Martinson yönünü kaybettiğini hissettiğinden bahsediyordu. Bir polis memuru olarak yaptığı işin değeriyle ilgili her geçen gün kendini daha fazla sorgulamaya başlamıştı. Çıkardığı işten değildi tatminsizliği, sıkıntısı İsveç’te bugün polislerin oynadığı rol yüzündendi. Halkın polisten beklentileriyle, polisin verdiği hizmet arasındaki uçurum giderek açılıyor gibiydi. İşkence gibi geçeceğini bildiği bir sonraki günün beklentisiyle her gecesinin uykusuz geçtiği bir noktaya ulaşmıştı.
“Bu yaz bu işi bitiriyorum,” dedi. “Malmö’de bağlantı hâlinde olduğum bir şirket var. Küçük işletmeler ve özel mülkler için güvenlik danışmanları ayarlıyorlar. Bana da bir iş verecekler. Üstelik kazancı şu an aldığımdan daha fazla.”

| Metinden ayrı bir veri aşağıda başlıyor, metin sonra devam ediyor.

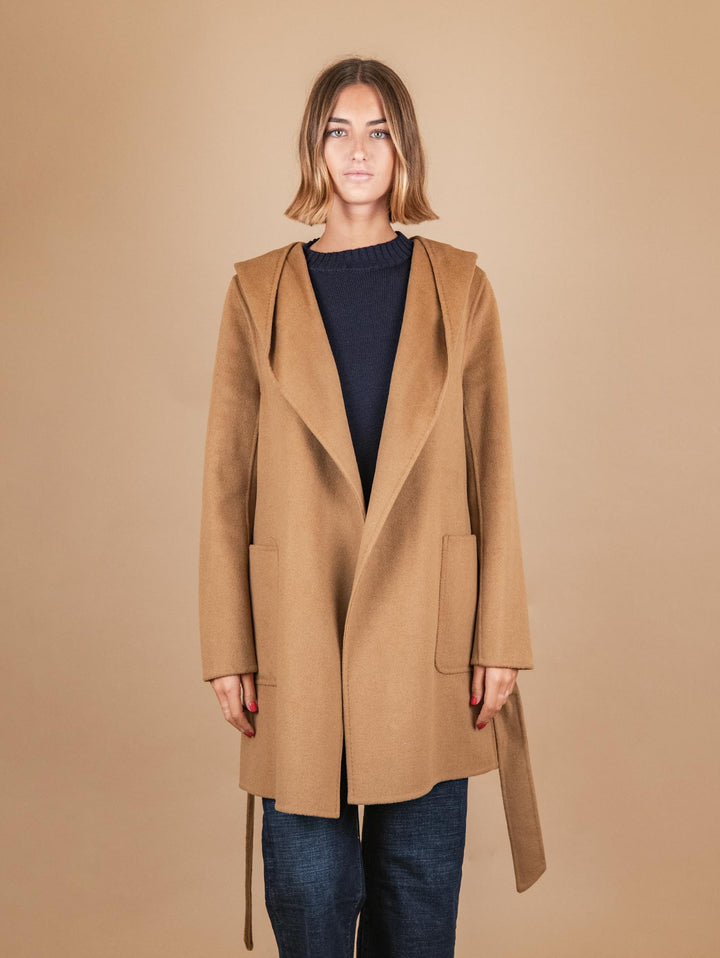 CAPPOTTINO CON CAPPUCCIO IN MISTO LANA CAMMELLO 864D CAMMELLO ANDREA MORANDO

Wallander yıllar önce Martinson’un yine böyle istifa etmeye karar verdiği bir anı hatırladı. O zamanlar onu dayanması için ikna eden kendisi olmuştu. Nereden bakılsa on beş yıl olmuştu herhâlde. Bu kez meslektaşı kararını değiştirecek gibi görünmüyordu. Hem içinde bulunduğu durum polis teşkilatındaki kendi geleceğinin de parlak geçeceğini göstermiyordu.